EXCERPTED DATA START

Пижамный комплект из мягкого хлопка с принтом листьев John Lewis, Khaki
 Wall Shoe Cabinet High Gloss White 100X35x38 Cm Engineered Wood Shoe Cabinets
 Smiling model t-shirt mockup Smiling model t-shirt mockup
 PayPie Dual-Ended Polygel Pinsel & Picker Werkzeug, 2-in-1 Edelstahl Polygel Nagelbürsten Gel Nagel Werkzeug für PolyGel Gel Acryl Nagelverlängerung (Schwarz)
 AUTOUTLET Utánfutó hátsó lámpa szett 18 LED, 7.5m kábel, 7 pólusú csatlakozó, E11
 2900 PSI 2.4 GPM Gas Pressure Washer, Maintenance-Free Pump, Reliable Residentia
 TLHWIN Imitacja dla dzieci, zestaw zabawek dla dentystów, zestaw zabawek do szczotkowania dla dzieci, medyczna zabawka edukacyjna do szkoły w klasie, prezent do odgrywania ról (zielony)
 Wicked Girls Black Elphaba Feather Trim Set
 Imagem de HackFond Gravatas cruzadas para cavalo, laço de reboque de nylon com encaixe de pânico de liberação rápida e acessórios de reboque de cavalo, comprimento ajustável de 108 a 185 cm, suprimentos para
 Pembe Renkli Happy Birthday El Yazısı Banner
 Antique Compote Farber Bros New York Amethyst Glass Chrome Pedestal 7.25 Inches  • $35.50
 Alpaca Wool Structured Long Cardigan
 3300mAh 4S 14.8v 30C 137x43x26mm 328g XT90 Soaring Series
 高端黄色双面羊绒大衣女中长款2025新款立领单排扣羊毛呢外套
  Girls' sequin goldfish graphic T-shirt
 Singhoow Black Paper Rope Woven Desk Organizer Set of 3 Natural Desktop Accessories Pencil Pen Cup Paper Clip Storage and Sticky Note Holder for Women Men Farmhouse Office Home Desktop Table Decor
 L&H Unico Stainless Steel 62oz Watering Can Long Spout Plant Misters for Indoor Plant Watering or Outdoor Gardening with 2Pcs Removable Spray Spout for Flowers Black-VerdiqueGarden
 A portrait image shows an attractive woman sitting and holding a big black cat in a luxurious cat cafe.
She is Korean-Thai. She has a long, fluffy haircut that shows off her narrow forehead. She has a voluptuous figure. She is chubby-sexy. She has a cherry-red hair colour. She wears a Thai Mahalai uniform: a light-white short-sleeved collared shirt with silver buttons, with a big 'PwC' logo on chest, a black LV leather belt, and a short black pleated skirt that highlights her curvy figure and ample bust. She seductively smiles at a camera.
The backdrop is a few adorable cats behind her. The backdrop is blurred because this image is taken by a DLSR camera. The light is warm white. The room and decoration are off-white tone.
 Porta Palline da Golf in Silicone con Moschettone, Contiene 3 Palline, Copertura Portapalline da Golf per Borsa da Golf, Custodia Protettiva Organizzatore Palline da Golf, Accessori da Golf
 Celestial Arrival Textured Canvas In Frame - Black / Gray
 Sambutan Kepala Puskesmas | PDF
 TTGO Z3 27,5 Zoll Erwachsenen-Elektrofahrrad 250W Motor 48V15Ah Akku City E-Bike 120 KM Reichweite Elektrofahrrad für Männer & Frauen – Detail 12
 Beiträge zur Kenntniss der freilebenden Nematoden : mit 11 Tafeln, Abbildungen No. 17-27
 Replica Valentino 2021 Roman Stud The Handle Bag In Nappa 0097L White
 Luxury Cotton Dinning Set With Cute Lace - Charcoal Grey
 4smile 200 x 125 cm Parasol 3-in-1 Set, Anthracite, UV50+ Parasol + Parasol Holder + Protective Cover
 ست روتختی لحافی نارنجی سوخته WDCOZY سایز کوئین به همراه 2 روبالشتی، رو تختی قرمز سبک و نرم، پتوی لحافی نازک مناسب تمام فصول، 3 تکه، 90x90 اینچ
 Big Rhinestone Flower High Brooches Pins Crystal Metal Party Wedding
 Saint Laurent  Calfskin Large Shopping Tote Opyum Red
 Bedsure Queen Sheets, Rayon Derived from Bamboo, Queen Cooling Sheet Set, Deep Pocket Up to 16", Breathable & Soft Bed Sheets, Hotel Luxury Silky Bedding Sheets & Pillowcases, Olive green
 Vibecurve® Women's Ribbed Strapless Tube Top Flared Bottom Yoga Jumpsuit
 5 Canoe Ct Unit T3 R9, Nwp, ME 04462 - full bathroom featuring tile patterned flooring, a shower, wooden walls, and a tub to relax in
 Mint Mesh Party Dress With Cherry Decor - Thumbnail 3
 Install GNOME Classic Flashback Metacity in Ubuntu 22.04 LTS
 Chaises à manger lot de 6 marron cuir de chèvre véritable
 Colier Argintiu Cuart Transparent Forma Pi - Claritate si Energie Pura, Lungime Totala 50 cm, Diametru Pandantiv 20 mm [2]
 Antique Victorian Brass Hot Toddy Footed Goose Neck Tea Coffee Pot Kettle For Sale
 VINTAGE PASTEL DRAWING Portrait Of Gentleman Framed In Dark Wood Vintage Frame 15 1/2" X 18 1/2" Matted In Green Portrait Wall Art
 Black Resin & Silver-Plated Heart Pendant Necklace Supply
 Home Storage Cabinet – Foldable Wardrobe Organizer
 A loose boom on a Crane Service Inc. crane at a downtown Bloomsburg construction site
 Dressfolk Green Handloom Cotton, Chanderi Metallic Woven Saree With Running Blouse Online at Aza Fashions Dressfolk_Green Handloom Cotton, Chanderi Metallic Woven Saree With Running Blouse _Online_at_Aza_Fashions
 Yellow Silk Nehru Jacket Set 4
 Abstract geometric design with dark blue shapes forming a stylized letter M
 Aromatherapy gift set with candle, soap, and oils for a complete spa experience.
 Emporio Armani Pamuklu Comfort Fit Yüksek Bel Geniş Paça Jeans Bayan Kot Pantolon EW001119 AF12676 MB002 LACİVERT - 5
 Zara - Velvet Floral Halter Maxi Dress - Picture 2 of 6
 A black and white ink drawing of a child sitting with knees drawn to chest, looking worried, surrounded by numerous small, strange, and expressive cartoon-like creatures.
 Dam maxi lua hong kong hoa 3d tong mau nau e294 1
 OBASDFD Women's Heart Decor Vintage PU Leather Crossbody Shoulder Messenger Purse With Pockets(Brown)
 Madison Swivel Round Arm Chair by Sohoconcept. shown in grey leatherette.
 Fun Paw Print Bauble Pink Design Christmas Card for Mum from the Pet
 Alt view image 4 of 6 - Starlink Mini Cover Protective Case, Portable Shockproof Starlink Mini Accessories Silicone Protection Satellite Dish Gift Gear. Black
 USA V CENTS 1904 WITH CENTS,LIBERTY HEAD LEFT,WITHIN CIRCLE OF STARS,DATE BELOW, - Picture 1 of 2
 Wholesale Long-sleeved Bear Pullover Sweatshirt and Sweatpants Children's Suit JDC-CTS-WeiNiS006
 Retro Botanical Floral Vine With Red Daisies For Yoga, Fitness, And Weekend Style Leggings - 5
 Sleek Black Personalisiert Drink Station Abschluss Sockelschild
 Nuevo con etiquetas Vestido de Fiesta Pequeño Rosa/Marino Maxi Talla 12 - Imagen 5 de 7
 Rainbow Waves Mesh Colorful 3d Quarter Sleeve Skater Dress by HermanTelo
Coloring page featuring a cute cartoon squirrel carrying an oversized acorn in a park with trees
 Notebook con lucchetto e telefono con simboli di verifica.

EXCERPTED DATA END

--- TASK DIRECTIONS ---
Copy out the lines above word for word, stopping after the line containing "高端黄色双面羊绒大衣女中长款2025新款立领单排扣羊毛呢外套".

--- EXERCISE OUTPUT ---
Пижамный комплект из мягкого хлопка с принтом листьев John Lewis, Khaki
 Wall Shoe Cabinet High Gloss White 100X35x38 Cm Engineered Wood Shoe Cabinets
 Smiling model t-shirt mockup Smiling model t-shirt mockup
 PayPie Dual-Ended Polygel Pinsel & Picker Werkzeug, 2-in-1 Edelstahl Polygel Nagelbürsten Gel Nagel Werkzeug für PolyGel Gel Acryl Nagelverlängerung (Schwarz)
 AUTOUTLET Utánfutó hátsó lámpa szett 18 LED, 7.5m kábel, 7 pólusú csatlakozó, E11
 2900 PSI 2.4 GPM Gas Pressure Washer, Maintenance-Free Pump, Reliable Residentia
 TLHWIN Imitacja dla dzieci, zestaw zabawek dla dentystów, zestaw zabawek do szczotkowania dla dzieci, medyczna zabawka edukacyjna do szkoły w klasie, prezent do odgrywania ról (zielony)
 Wicked Girls Black Elphaba Feather Trim Set
 Imagem de HackFond Gravatas cruzadas para cavalo, laço de reboque de nylon com encaixe de pânico de liberação rápida e acessórios de reboque de cavalo, comprimento ajustável de 108 a 185 cm, suprimentos para
 Pembe Renkli Happy Birthday El Yazısı Banner
 Antique Compote Farber Bros New York Amethyst Glass Chrome Pedestal 7.25 Inches  • $35.50
 Alpaca Wool Structured Long Cardigan
 3300mAh 4S 14.8v 30C 137x43x26mm 328g XT90 Soaring Series
 高端黄色双面羊绒大衣女中长款2025新款立领单排扣羊毛呢外套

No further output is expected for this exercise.